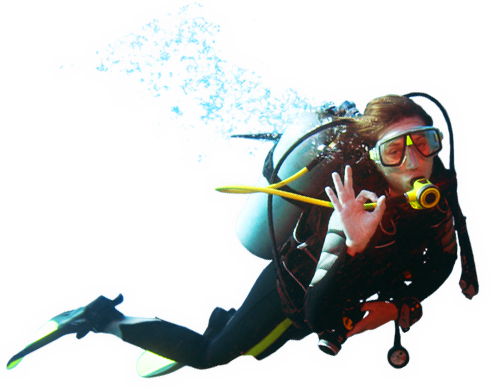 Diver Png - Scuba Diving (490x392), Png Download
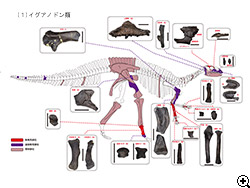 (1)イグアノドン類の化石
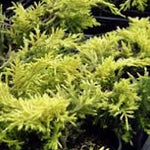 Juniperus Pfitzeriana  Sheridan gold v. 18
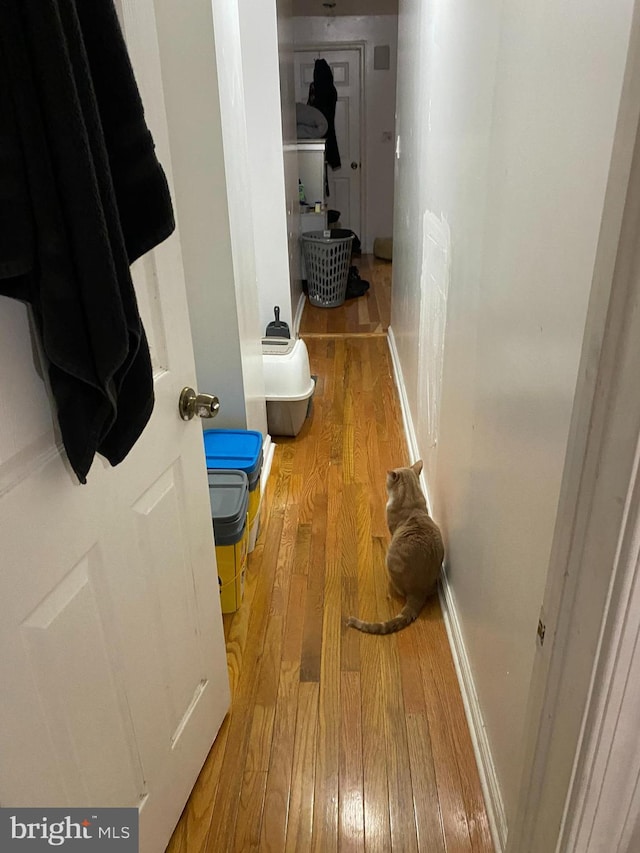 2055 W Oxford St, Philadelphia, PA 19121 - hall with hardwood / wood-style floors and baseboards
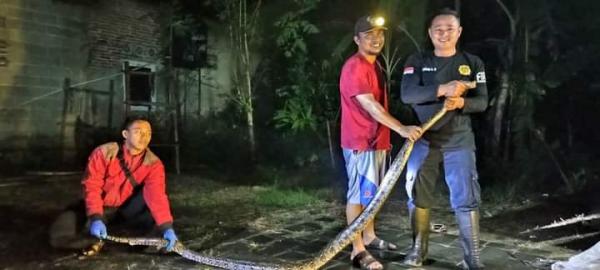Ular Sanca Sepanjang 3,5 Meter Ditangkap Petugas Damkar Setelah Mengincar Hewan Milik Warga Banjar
* * *
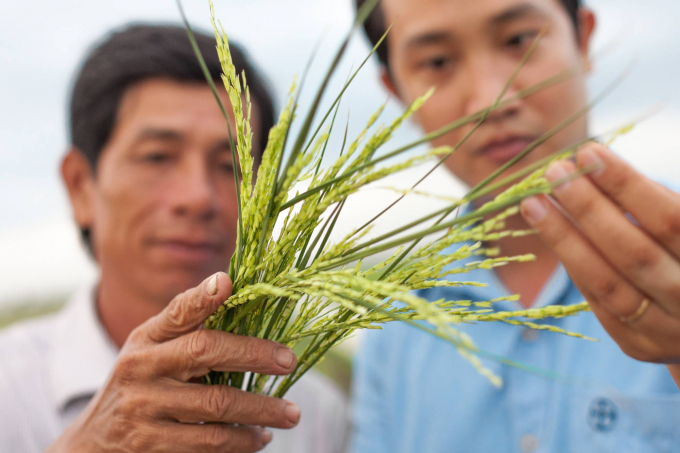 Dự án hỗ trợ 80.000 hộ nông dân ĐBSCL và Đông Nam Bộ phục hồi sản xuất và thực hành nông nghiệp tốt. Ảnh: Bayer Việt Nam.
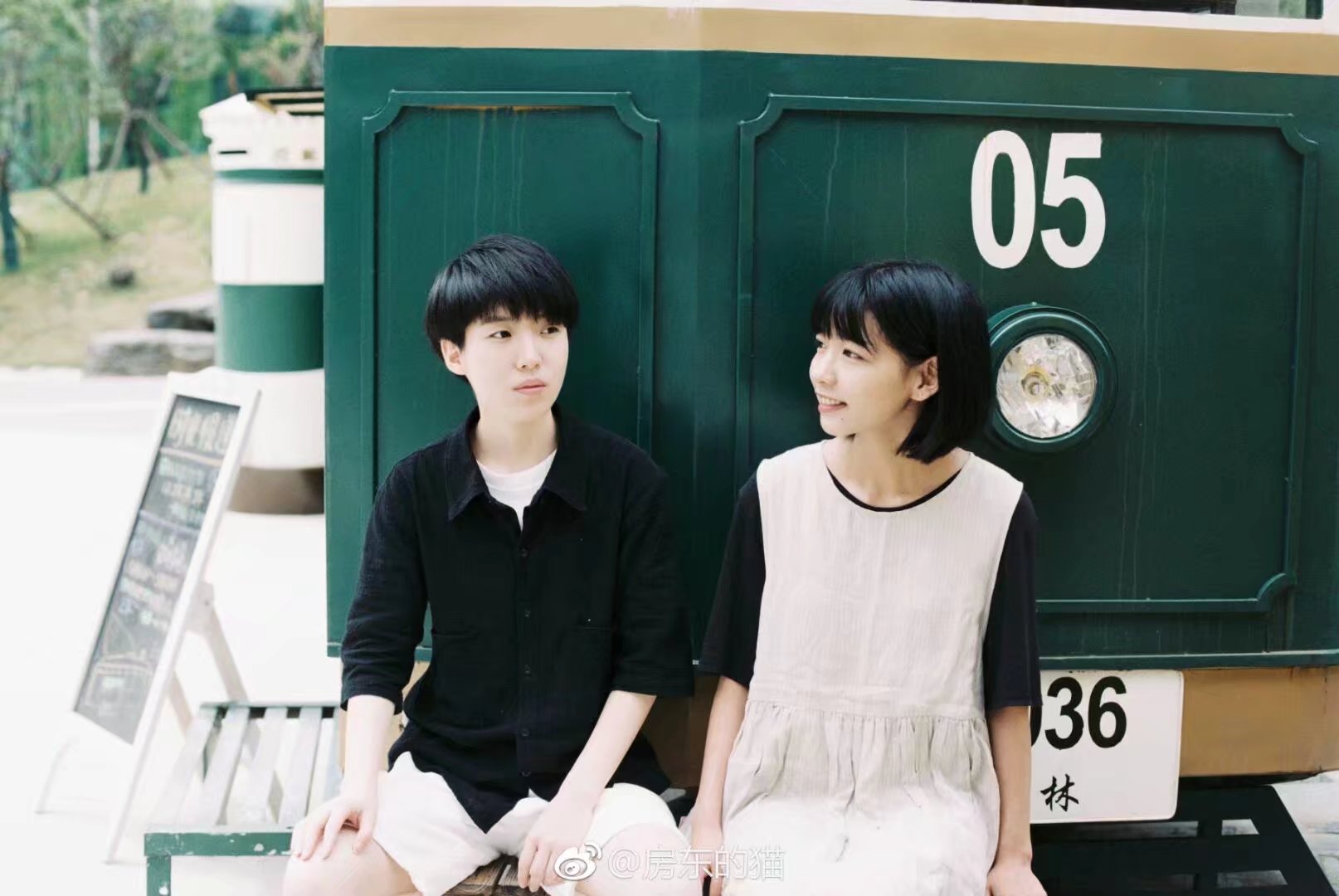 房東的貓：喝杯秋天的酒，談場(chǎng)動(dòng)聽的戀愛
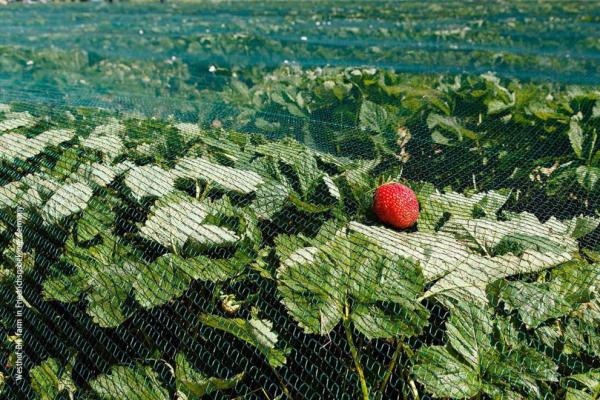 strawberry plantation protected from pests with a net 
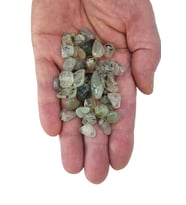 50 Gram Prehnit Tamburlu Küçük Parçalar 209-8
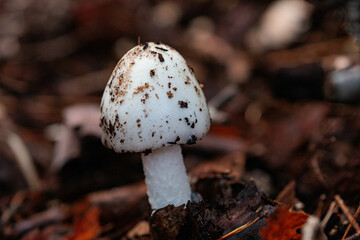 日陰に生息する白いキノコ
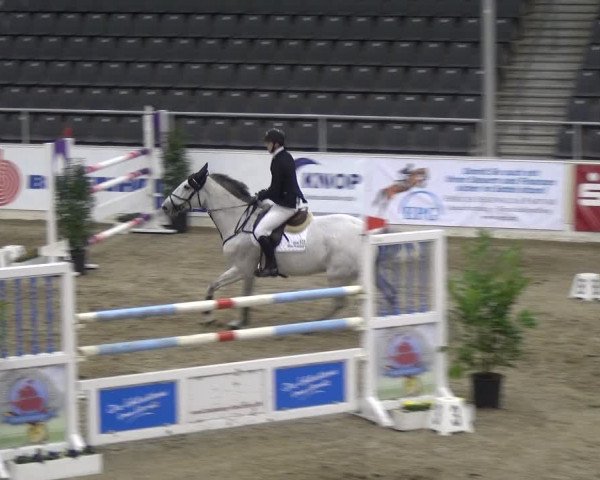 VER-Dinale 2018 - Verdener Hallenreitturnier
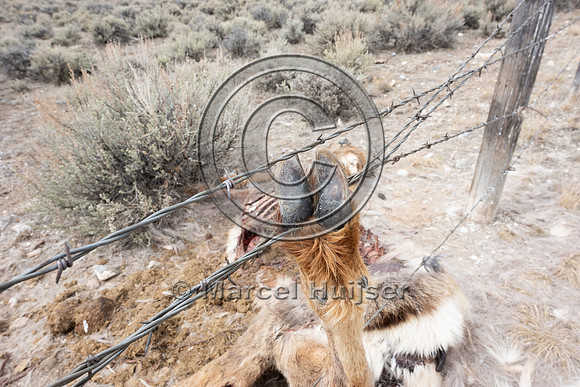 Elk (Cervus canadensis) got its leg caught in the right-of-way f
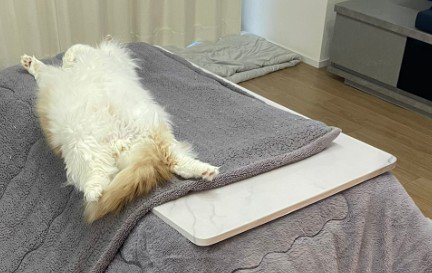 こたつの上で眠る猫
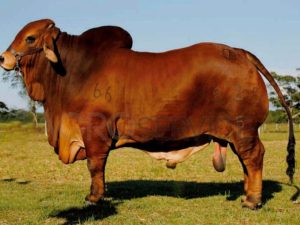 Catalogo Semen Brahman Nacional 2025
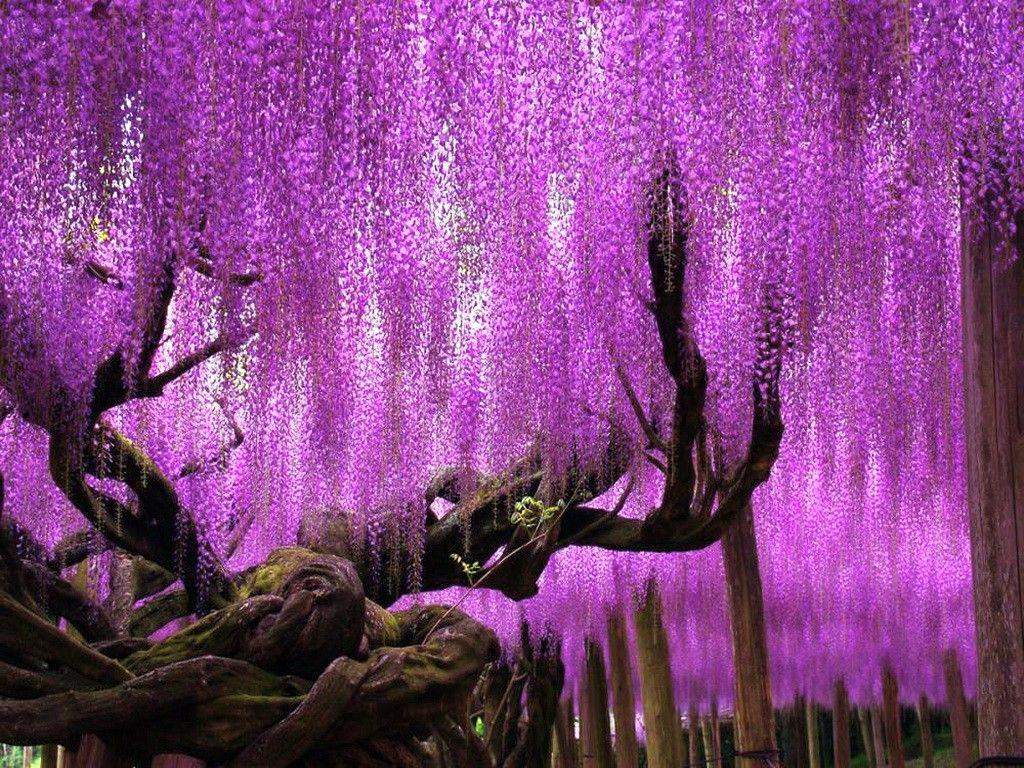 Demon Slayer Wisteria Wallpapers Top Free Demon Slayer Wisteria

- _Activity_
In the entries above, find the line with "Diver Png - Scuba" and the line with "Ular Sanca Sepanjang". Write out exactly those two lines and every line between them, pictures excluded.

- _Finished exercise_
 Diver Png - Scuba Diving (490x392), Png Download
 (1)イグアノドン類の化石
 Juniperus Pfitzeriana  Sheridan gold v. 18
 2055 W Oxford St, Philadelphia, PA 19121 - hall with hardwood / wood-style floors and baseboards
Ular Sanca Sepanjang 3,5 Meter Ditangkap Petugas Damkar Setelah Mengincar Hewan Milik Warga Banjar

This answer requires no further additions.